The appellant relies upon the broad language of New York Uniform Commercial Code § 9-109(2) (McKinney 1964) (hereinafter cited as “U.C.C.”) to show that the “equipment” term of the omnibus clause included the two automobiles. Section 9-109(2) defines “equipment” for present purposes as a residual category which includes all goods not included in the definitions of inventory, farm products or consumer goods. Thus automobiles would fall within this broad category if the definition of Section 9-109 governed for purposes of the security agreement. The classifications of Section 9-109, however, are intended primarily for the purposes of determining which set of filing requirements is proper.

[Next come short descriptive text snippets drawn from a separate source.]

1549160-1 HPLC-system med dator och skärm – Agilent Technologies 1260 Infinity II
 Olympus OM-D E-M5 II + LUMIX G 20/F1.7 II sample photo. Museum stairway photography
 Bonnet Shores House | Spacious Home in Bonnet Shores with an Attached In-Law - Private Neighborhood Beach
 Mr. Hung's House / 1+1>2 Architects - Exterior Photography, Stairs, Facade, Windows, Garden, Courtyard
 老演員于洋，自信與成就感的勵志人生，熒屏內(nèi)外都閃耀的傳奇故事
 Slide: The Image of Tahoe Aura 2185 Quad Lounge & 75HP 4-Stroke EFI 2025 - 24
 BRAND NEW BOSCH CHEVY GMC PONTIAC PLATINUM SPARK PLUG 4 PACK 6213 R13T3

We look rather to U.C.C. § 9-110 which requires that the description of personal property “reasonably identif[y]” what is described. The conclusion that greater specificity is required finds additional support in U.C.C. § 9-203(1) (b), which provides that the security agreement must contain a “description” of the collateral. Certainly the word “equipment” does not constitute a “description” of the Oldsmobiles. Unlike a financing statement (U.C.C. § 9-402) which is designed merely to put creditors on notice that further inquiry is prudent, see In re Leichter, 471 F.2d 785 (2d Cir. 1972), the security agreement embodies the intentions of the parties. It is the primary source to which a creditor’s or potential creditor’s inquiry is directed and must be reasonably specific. See U.C.C. § 9-203, Practice Commentary 1 at 394; P. Coogan, W. Hogan & D. Vagts, Secured Transactions Under the Uniform Commercial Code § 4.06, at 289-90 (Bender’s Uniform Commercial Code Service Vol. 1, 1968). Cf. In re Weiner’s Men’s Apparel, 2 Bankr.L.Rep. (4th ed.) ¶63,727 (S.D.N.Y.1970); Mammoth Cave Production Credit Association v. York, 429 S.W.2d 26, 28-29 (Ky.1968).
What would a potential creditor find upon examination of the security agreement in this case? The only mention of vehicles of any kind in the agreement is the listing of an International truck in Schedule A. Beyond that there is only the “omnibus clause” and the generic “equipment” therein. Any examining creditor would conclude that the truck as the only vehicle mentioned was the only one intended to be covered. We thus need not reach the contention that a prior invalid lien on one of the automobiles inured to the benefit of the trustee for benefit of the estate and as such is superior to the lien of Commercial.
For the reasons stated above we affirm the decision of the court below.